Below are some general guidelines for achieving decent performance.

One good measurement is worth more than a million expert opinions. Our testing framework Catch2 supports benchmarks, so we encourage you to add benchmarks to your tests. See the Catch2 benchmarks documentation for instructions. Essentially, add a BENCHMARK to your test case and run the test executable (such as ./bin/Test_LinearOperators). Note that we skip benchmarks during automated unit testing with ctest because benchmarks are only meaningful in a controlled environment (such as a specific machine or architecture). You can keep track of the benchmark results you ran on specific machines in a comment in the test case (until we have a better way of keeping track of benchmark results).

Catch2's benchmarking is not as feature-rich as Google Benchmark. We have a Benchmark executable that uses Google Benchmark so one can compare different implementations and see how they perform. This executable is only available in release builds.

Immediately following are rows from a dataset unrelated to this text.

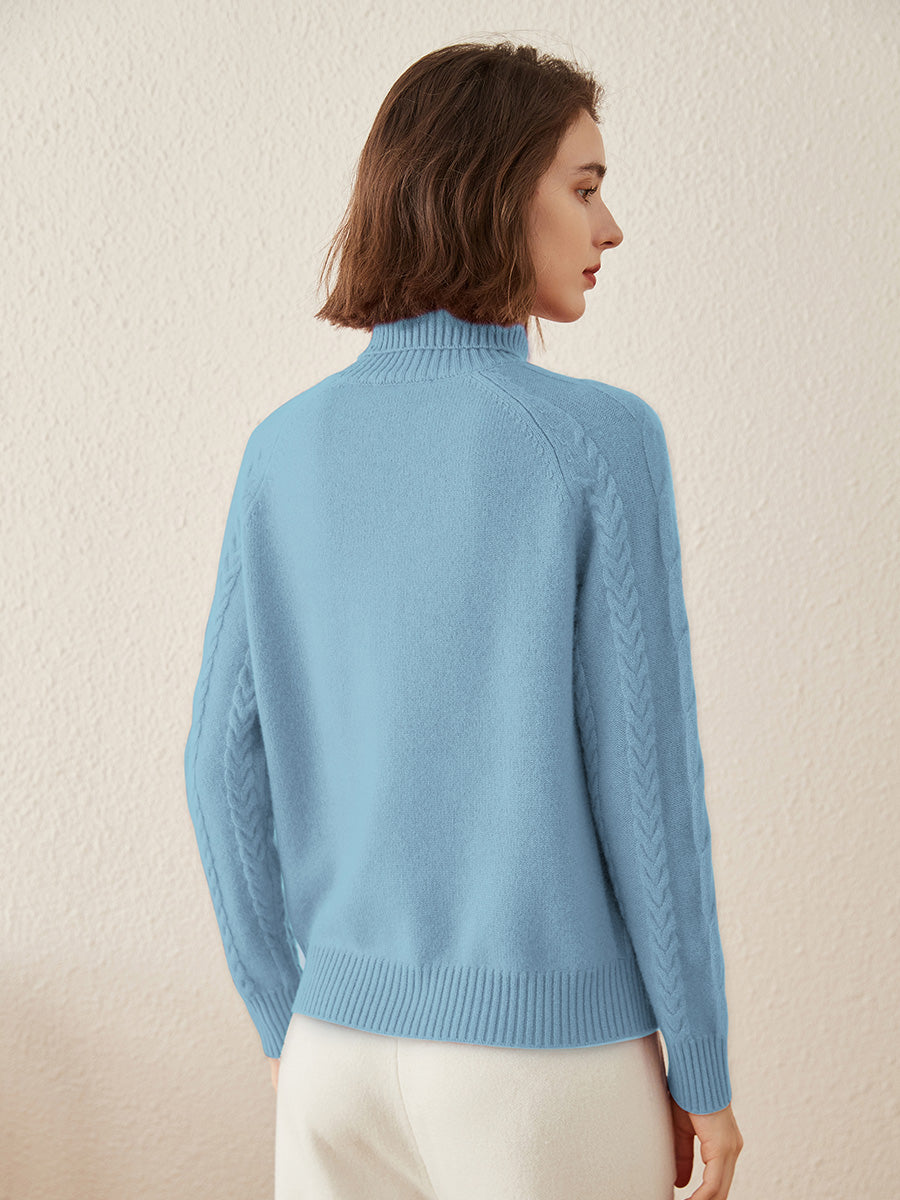 COMOBOCA 100% Cashmere Women's Turtleneck Cable Knit Sweater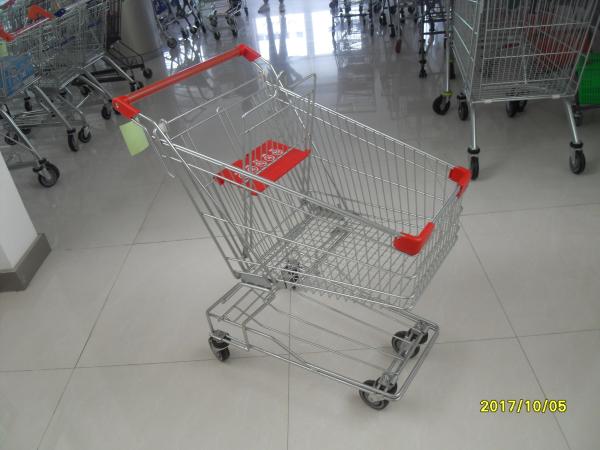 Heavy Duty Wire Shopping Carts With Wheels / Red Plastic Parts 80L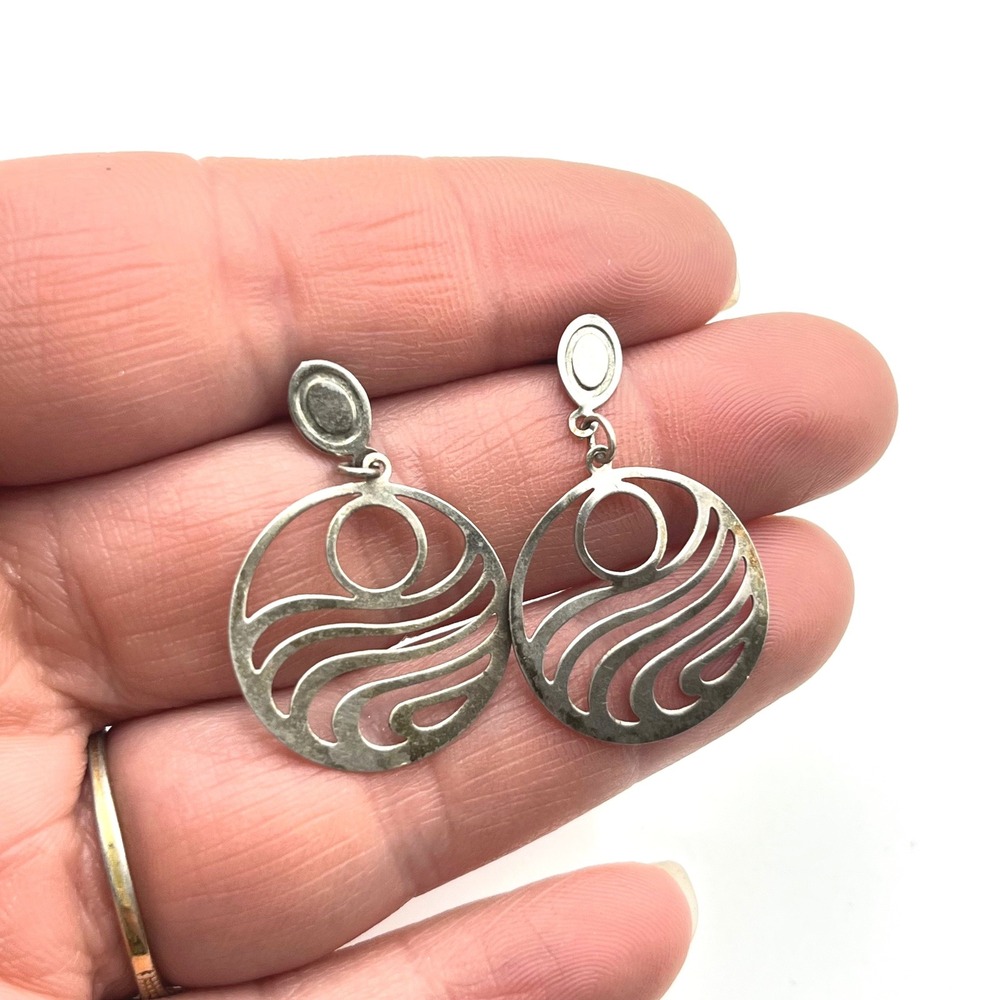 Silver Tone Wave and Sun Cutout Round‎ Drop Post Earrings Coastal Nautical Style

Reduce memory allocations. On all modern hardware (many core CPUs, GPUs, and FPGAs), memory is almost always the bottleneck. Memory allocations are especially expensive since this is a quasi-serial process: the OS has to manage memory allocations for all running threads and processes. SpECTRE has various classes to optimize this. For example, there are Variables, TempBuffer, and DynamicBuffer that allow making large contiguous memory allocations that are then used for individual tensor components.